**Data listing:**
- - - - - - -

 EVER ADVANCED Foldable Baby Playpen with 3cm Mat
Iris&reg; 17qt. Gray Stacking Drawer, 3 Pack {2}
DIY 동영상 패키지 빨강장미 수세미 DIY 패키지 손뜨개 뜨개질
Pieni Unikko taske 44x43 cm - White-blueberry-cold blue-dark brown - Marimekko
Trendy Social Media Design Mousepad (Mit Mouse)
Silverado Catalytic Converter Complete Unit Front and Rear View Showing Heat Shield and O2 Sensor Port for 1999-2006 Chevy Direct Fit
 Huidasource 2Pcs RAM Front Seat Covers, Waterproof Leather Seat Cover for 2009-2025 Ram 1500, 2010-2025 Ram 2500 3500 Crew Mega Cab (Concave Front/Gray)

- - - - - - -

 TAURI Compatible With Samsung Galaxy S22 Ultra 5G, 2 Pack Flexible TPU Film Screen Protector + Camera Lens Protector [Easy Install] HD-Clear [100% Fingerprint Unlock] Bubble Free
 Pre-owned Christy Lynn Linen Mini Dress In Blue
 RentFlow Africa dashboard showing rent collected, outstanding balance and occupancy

- - - - - - -

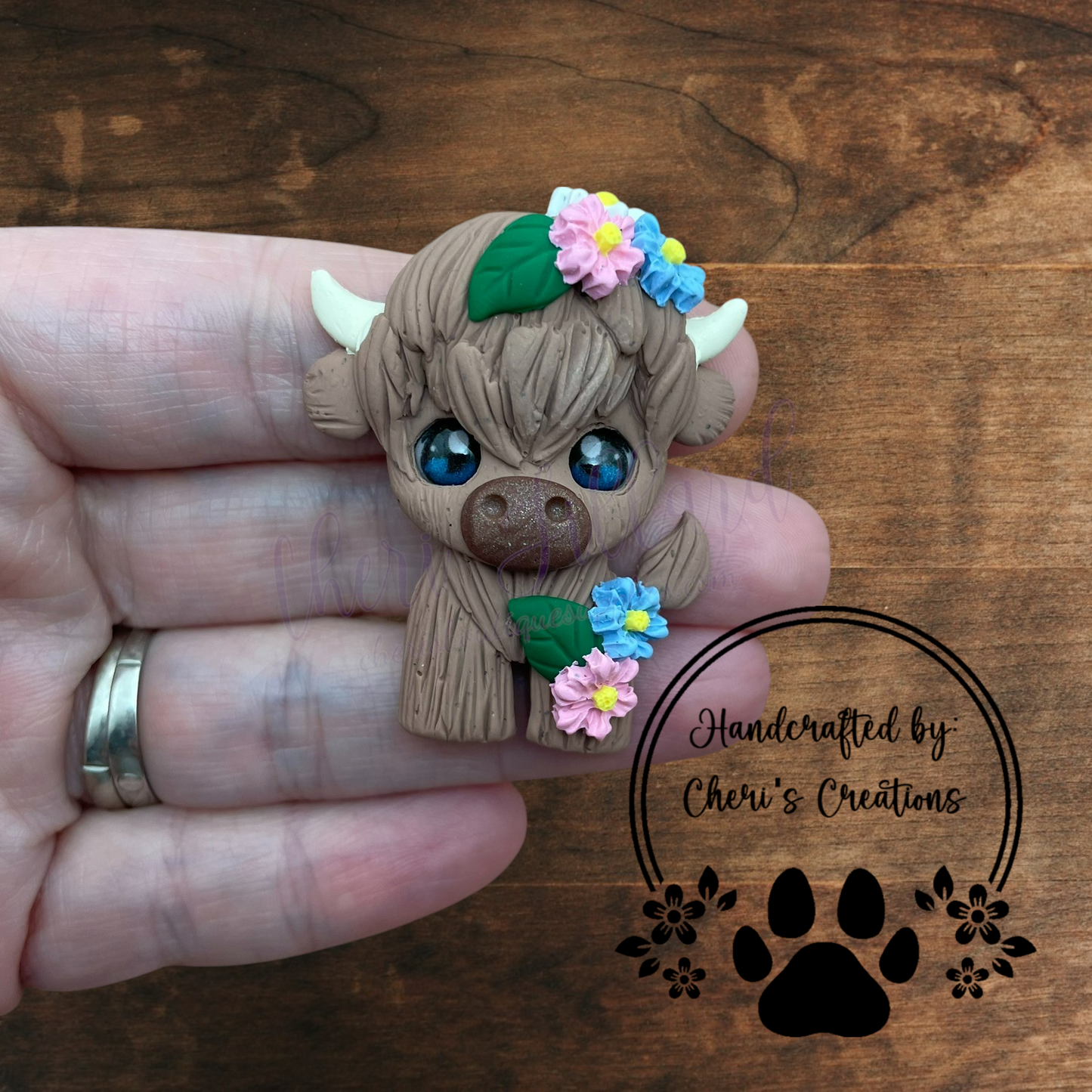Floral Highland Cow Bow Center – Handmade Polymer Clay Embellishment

- - - - - - -

**Problem description:** Return, word for word, the lines of the data above from the line with "DIY 동영상 패키지 빨강장미 수세미 DIY 패키지 손뜨개 뜨개질" through the line with "Trendy Social Media", inclusive.

**Solution:**
DIY 동영상 패키지 빨강장미 수세미 DIY 패키지 손뜨개 뜨개질
Pieni Unikko taske 44x43 cm - White-blueberry-cold blue-dark brown - Marimekko
Trendy Social Media Design Mousepad (Mit Mouse)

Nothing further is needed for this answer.